Raj Panjabi leads the Malaria Initiative; Pritesh Gandhi guides disaster, pandemic response at DHS.
President Joe Biden has appointed two Indian American health professionals for key jobs, one to lead his malaria initiative and the other to guide the administration’s response to disasters ranging from pandemics to acts of terrorism.
Liberia-born Dr. Raj Panjabi, CEO and co-founder of Last Mile Health, who played a key role in the 2013-16 West Africa Ebola epidemic has been named Malaria Coordinator to lead the president’s Malaria Initiative.
“I’m grateful for this chance to serve,” he tweeted after being sworn in Monday. “It’s an honor to serve the country that helped build back my own life as part of the Biden-Harris Administration.”
Named Chief Medical Officer at the Department of Homeland Security, Dr. Pritesh Gandhi serves as the principal advisor to DHS senior leadership on medical and public health issues related to natural and man-made disasters, border health.
Panjabi and his family “arrived in America 30 years ago after fleeing civil war in Liberia. A community of Americans rallied around my family to help us build back our lives,” he tweeted.
“In the face of unprecedented crises, I am humbled by the challenges our country and our world faces to build back better.

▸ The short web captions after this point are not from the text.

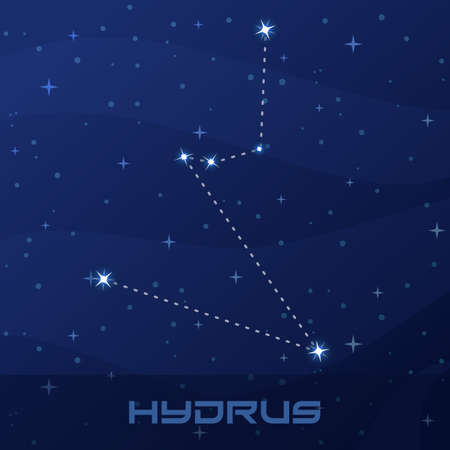 Constellation Hydrus, Water Snakeのイラスト素材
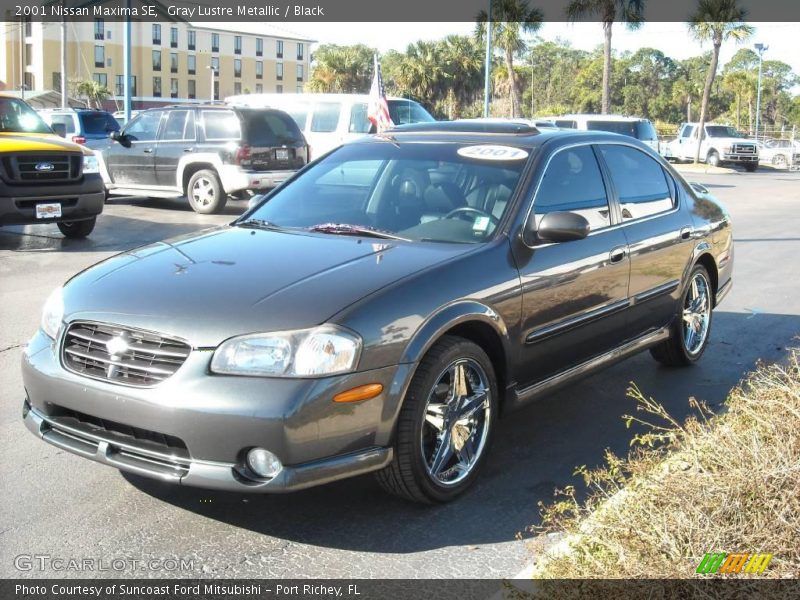 Gray Lustre Metallic / Black 2001 Nissan Maxima SE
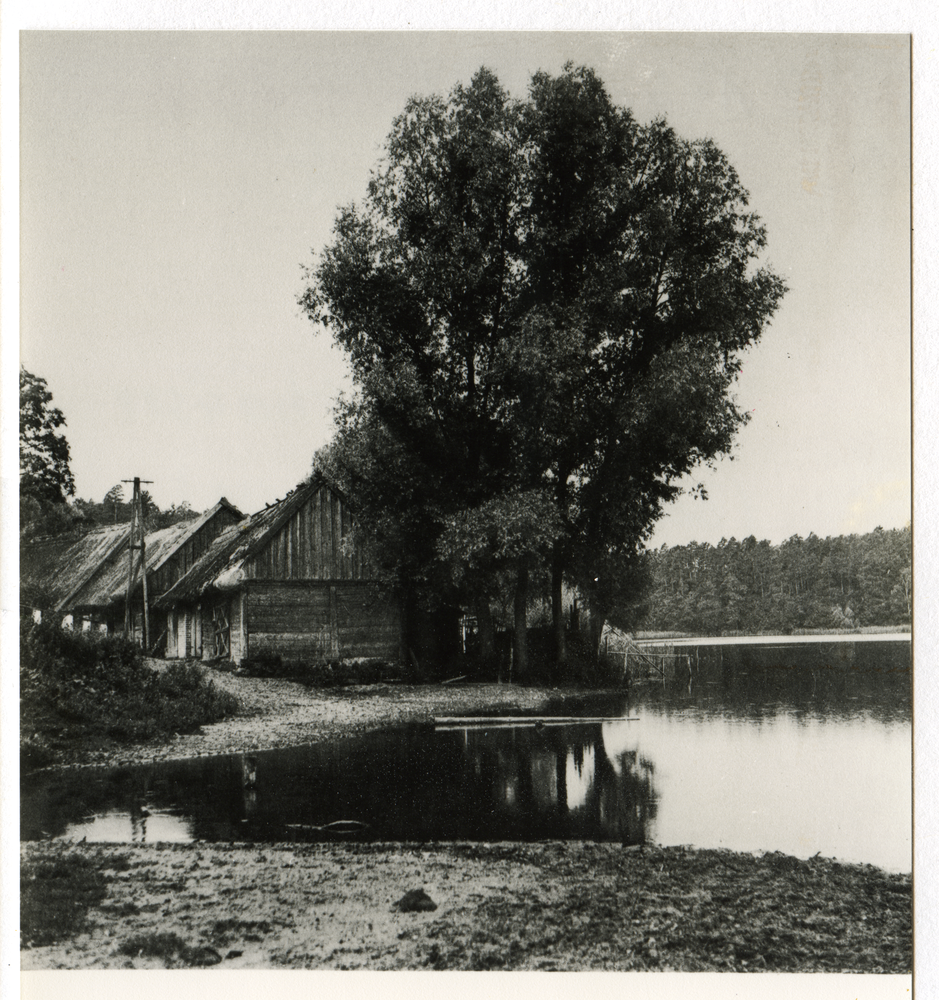 Taberbrück, Hölzerne Blockhäuser (Bohlen-Bauweise)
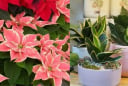 Trồng 5 Loại Cây Này Trước Nhà: rước Tài Lộc, đẹp cửa nhà, lại là 'Thần Dược' cho làn da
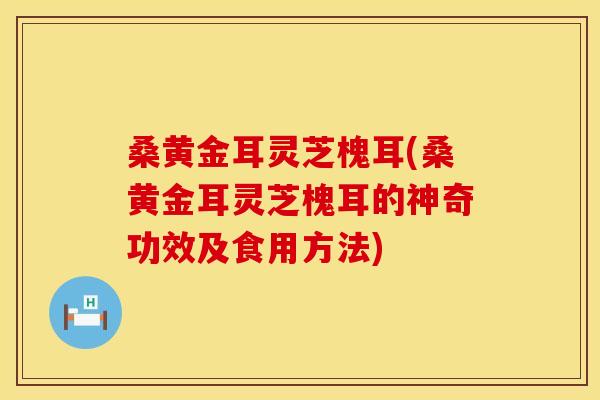 桑黄金耳灵芝槐耳(桑黄金耳灵芝槐耳的神奇功效及食用方法)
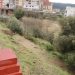 Gátova adjudica las obras para retirar cañas en el barranco del Carraixet.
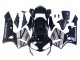 2003-2004 Honda CBR600RR Motorcycle Fairings - Silver Glossy Black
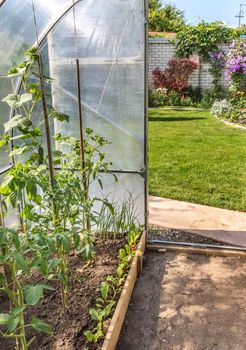 View from greenhouse on beautiful formal garden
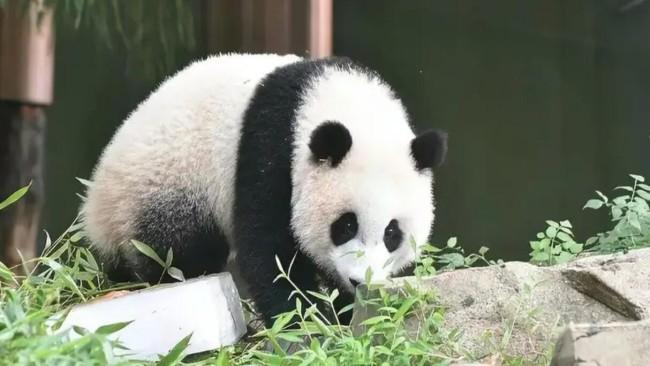 美國(guó)動(dòng)物園將歸還大熊貓丫丫和樂樂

But as I have learned in America: we are not defined by the conditions we face, we are defined by how we respond,” Panjabi added.

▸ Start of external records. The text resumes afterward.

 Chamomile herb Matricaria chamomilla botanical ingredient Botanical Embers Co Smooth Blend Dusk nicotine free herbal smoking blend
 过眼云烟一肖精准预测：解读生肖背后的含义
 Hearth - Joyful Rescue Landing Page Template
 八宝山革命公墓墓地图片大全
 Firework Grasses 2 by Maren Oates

As a doctor and public health professional who has cared for patients alongside the staff of the President’s Malaria Initiative and its partners USAID and Center for Disease Control, Raj Panjabi said: “I’ve been inspired by how they’ve responded to fight malaria, one of the oldest and deadliest pandemics, and saved lives around the world.”
READ: List of Indian Americans in the Biden administration (January 2, 2021)

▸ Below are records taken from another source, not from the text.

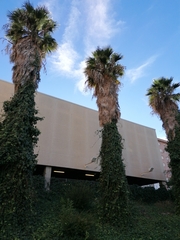 Washingtonia robusta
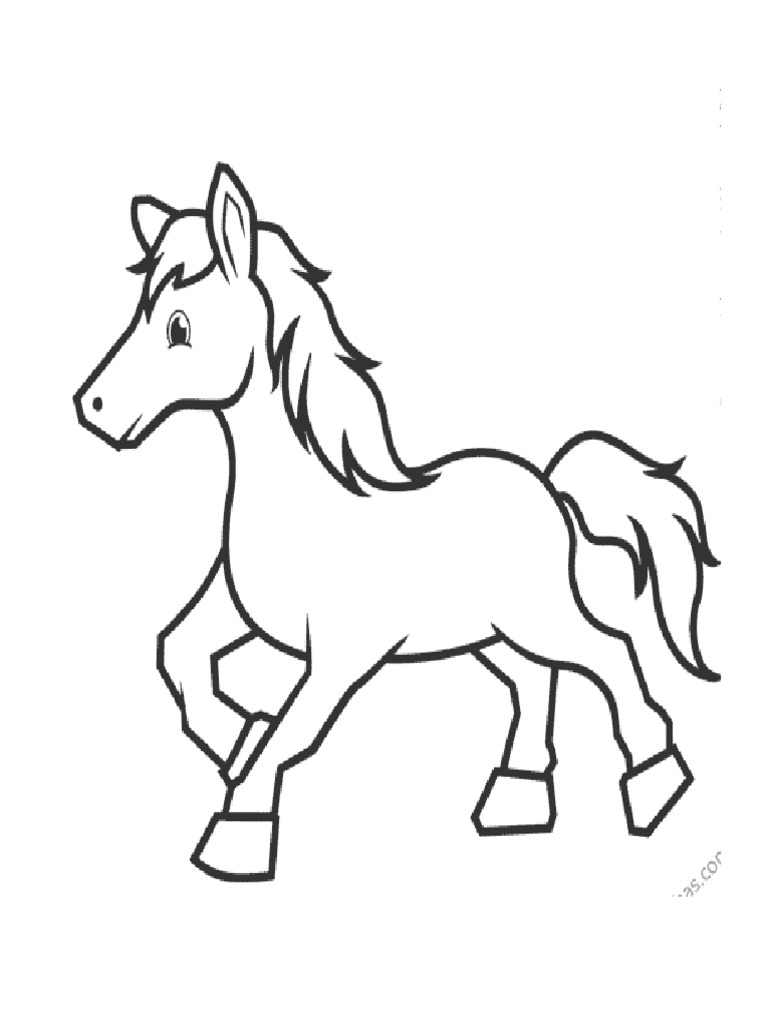 Animales para Colorear | PDF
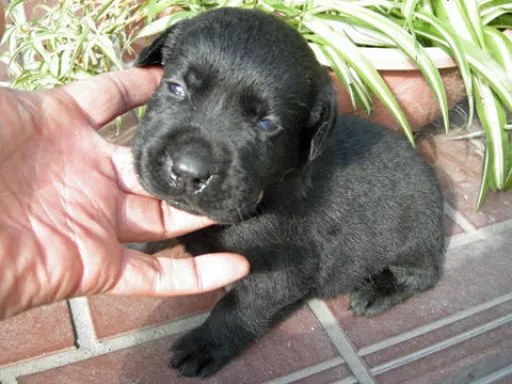 ラブラドール・レトリーバーのサムネイル画像6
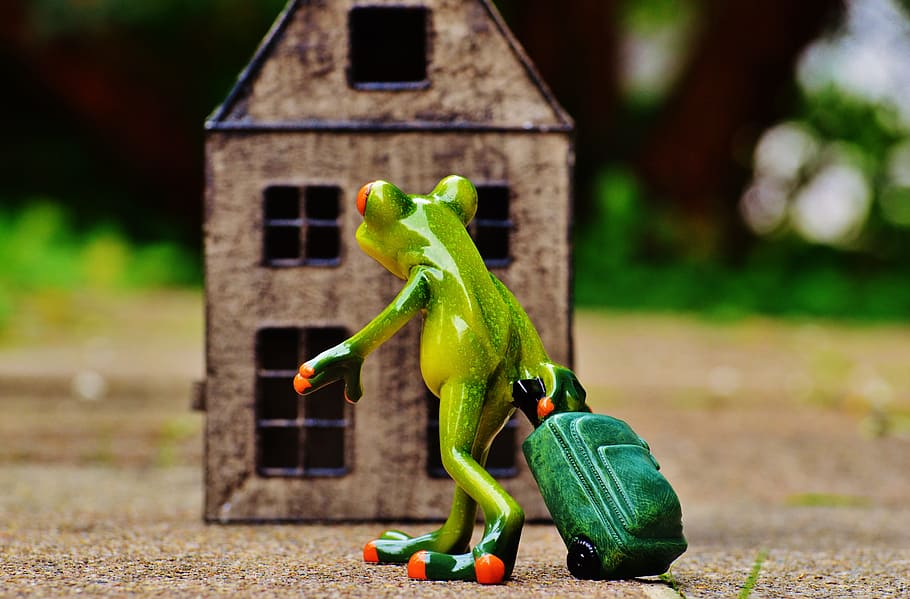 green ceramic frog pulling luggage in front of brown house figurine HD wallpaper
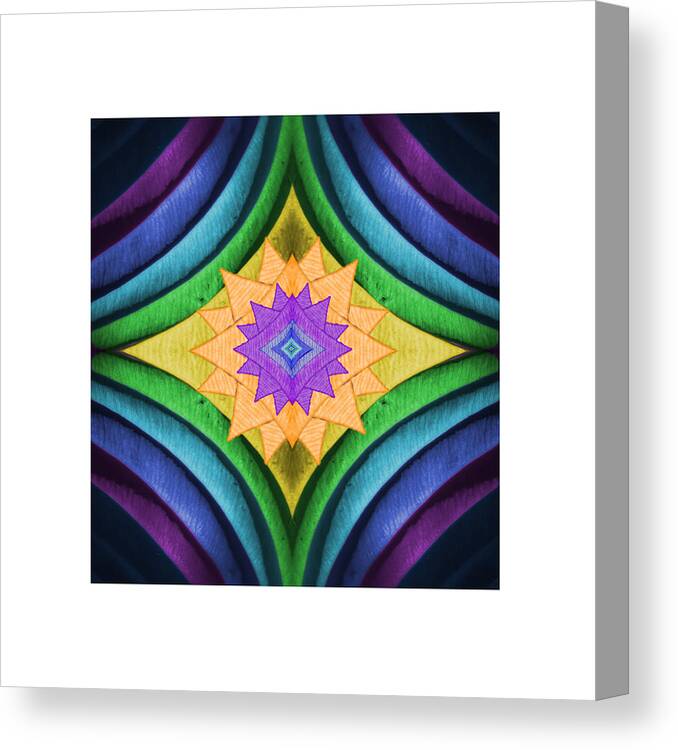 Abstract Canvas Print featuring the photograph Dreamcatcher 2 by Deborah Smith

This mission is personal for him, said Panjabi recalling, “My grandparents and parents were infected with malaria while living in India. As a child in Liberia, I fell sick with malaria, and as a doctor serving in Africa, I have seen this disease take too many lives.”
“I’ve seen how the Malaria Initiative and its partners have responded with resolve in the countries where it operates,” he said “I’ve seen the relief on the faces of parents whose children survived malaria because they were treated with medicines and by health workers backed by its support.”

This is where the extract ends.